> [What you will do]
The records below must be output exactly, without pictures.

> [Supplied entries]
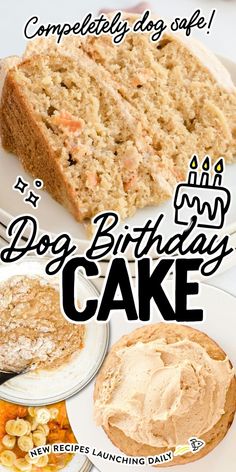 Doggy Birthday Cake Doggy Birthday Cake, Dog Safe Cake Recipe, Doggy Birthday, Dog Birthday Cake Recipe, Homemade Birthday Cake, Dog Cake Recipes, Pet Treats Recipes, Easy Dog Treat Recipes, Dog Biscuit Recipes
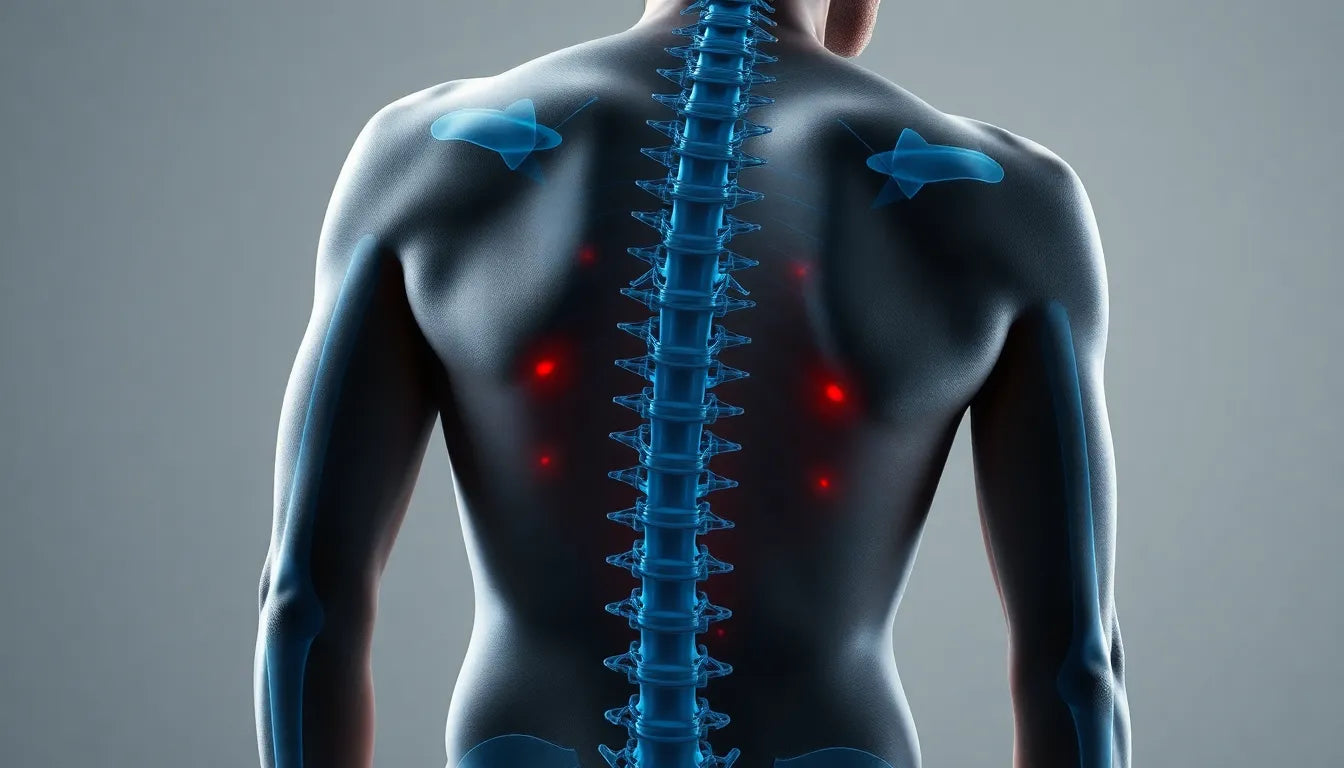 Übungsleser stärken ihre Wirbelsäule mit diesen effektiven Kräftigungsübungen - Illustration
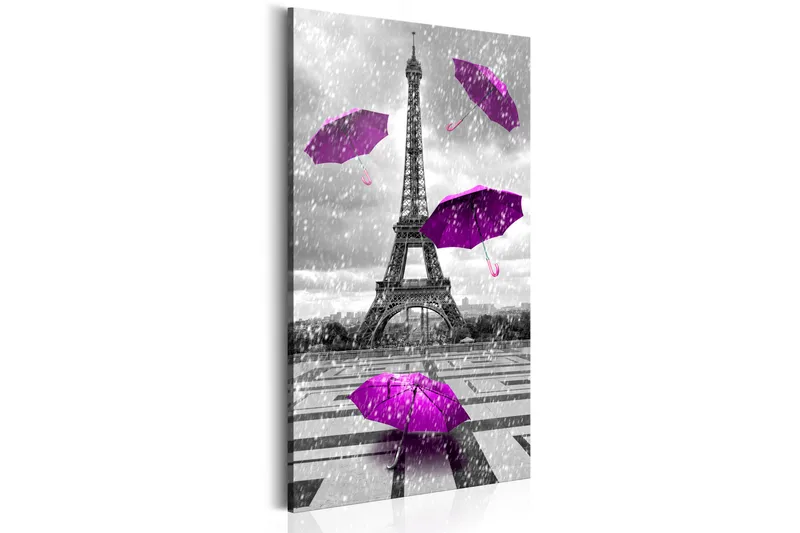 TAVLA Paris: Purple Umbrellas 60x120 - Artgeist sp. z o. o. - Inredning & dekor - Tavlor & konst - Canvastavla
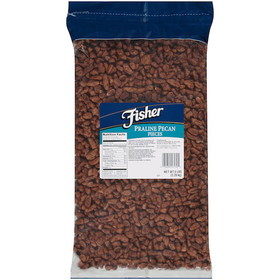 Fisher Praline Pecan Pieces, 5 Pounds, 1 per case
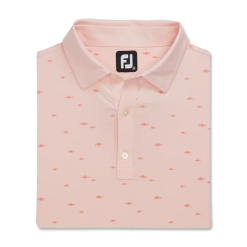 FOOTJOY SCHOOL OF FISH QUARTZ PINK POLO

> [Answer]
 Doggy Birthday Cake Doggy Birthday Cake, Dog Safe Cake Recipe, Doggy Birthday, Dog Birthday Cake Recipe, Homemade Birthday Cake, Dog Cake Recipes, Pet Treats Recipes, Easy Dog Treat Recipes, Dog Biscuit Recipes
 Übungsleser stärken ihre Wirbelsäule mit diesen effektiven Kräftigungsübungen - Illustration
 TAVLA Paris: Purple Umbrellas 60x120 - Artgeist sp. z o. o. - Inredning & dekor - Tavlor & konst - Canvastavla
 Fisher Praline Pecan Pieces, 5 Pounds, 1 per case
 FOOTJOY SCHOOL OF FISH QUARTZ PINK POLO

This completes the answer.